L’année suivante, je dis au frère que le « Perno » pourrait simplement arriver dans un traîneau tiré par le quatre-roues. Mais le frère en remet : « Je vais me déguiser en Grinch et te courir après pour faire comme dans le film [Le Grincheux] » Quelle excellente idée! Le soir de Noël arrive et le seul traîneau qu’on trouve dans le grenier de mon grand-père est une luge en bois des années 1930. Je me positionne debout sur la luge, en tenant d’une main la corde reliée au quatre-roues, comme en ski nautique, et de l’autre la poche de cadeaux. Mon oncle démarre le quatre-roues. Il me regarde avec un sourire en coin signifiant : « Hé! Hé! Tu ne tiendras pas longtemps, mon Martin! » Il accélère pour donner du spectacle devant la maison. Les enfants sont collés à la fenêtre et crient de joie. Le plan fonctionne, je reste debout. Mais alors que mon oncle ralentit pour tourner, la luge arrive sur une partie du terrain dénudée de neige : la plaque de gazon la freine complètement et j’effectue un vol plané vers l’avant. Je me relève difficilement quand, au même moment, le Grinch se rue sur moi. J’essaie de l’agripper pour lui faire une clé de bras, mais le frère a le biscuit coriace et on se tiraille amicalement devant toute la famille bouche bée à la fenêtre. Évidemment, le père Noël gagne! Sauf qu’il a le bonnet et les lunettes croches. Mes tantes – surtout ma mère – me regardent bizarrement; les enfants sont sur le point de pleurer. Échec.
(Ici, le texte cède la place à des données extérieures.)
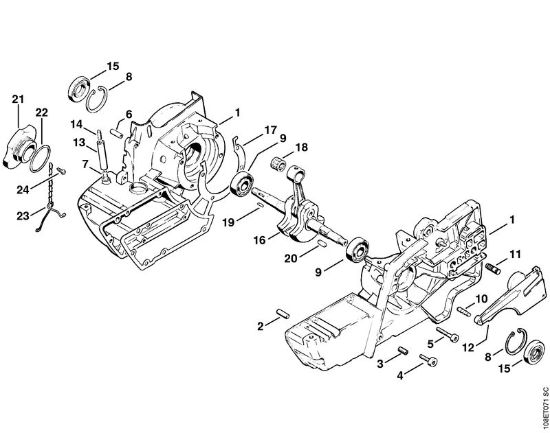 Moto-serras a gasolina (MS) 08 SE Caixa da cambota da marca Stihl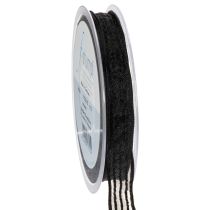 Prodotto Nastro in organza a righe, nastro regalo, nero, largo 15 mm, lungo 20 m.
Chapitre trois : la royale

Mon grand-père vient de construire un vrai traîneau digne du père Noël. Un travail magnifique, mais en ce 25 décembre, il n’y a malheureusement pas un grain de neige au sol. Au contraire, il pleut. J’appelle mon copain Jack qui demeure dans le rang. On enchaîne le traîneau dans la pelle de sa nouvelle « pépine » et on cache ladite pépine dans le champ, de l’autre côté de la route, face à la maison de mes grands-parents. En bonus j’ai pris soin de remplir quelques sacs Ziploc d’essence et de les relier à une mèche afin d’émerveiller les enfants par le feu… Le souper est terminé. Il fait noir, je suis dehors avec Jack, caché dans le champ. Et nous attendons le signal. Soudainement, nous voyons les enfants s’amasser dans la grande fenêtre pour voir arriver le père Noël. Ils sont heureux, ils chantent. Ça y est, à nous de jouer! J’allume ma mèche; les sacs d’essence s’enflamment. J’en allume d’autres plus loin. Je marche vers le traîneau, dans le noir, je m’y installe et Jack démarre sa rétrocaveuse et fait rayonner ses gyrophares et toutes les lumières de sa machine. Il élève sa pelle au maximum et avance. Nous traversons la route et montons sur le terrain de mes grands-parents avec le traîneau complètement dans les airs et moi qui m’y agrippe avec le sac de cadeaux. Les yeux ronds et la bouche ouverte, les enfants en ont plein la vue. La grosse pelle s’abaisse devant eux et dépose le traîneau sur le muret du perron. Je débarque en faisant retentir de lourds « Ho! Ho! Ho! ». Les enfants sont émerveillés, les adultes mystifiés. Joyeux Noël!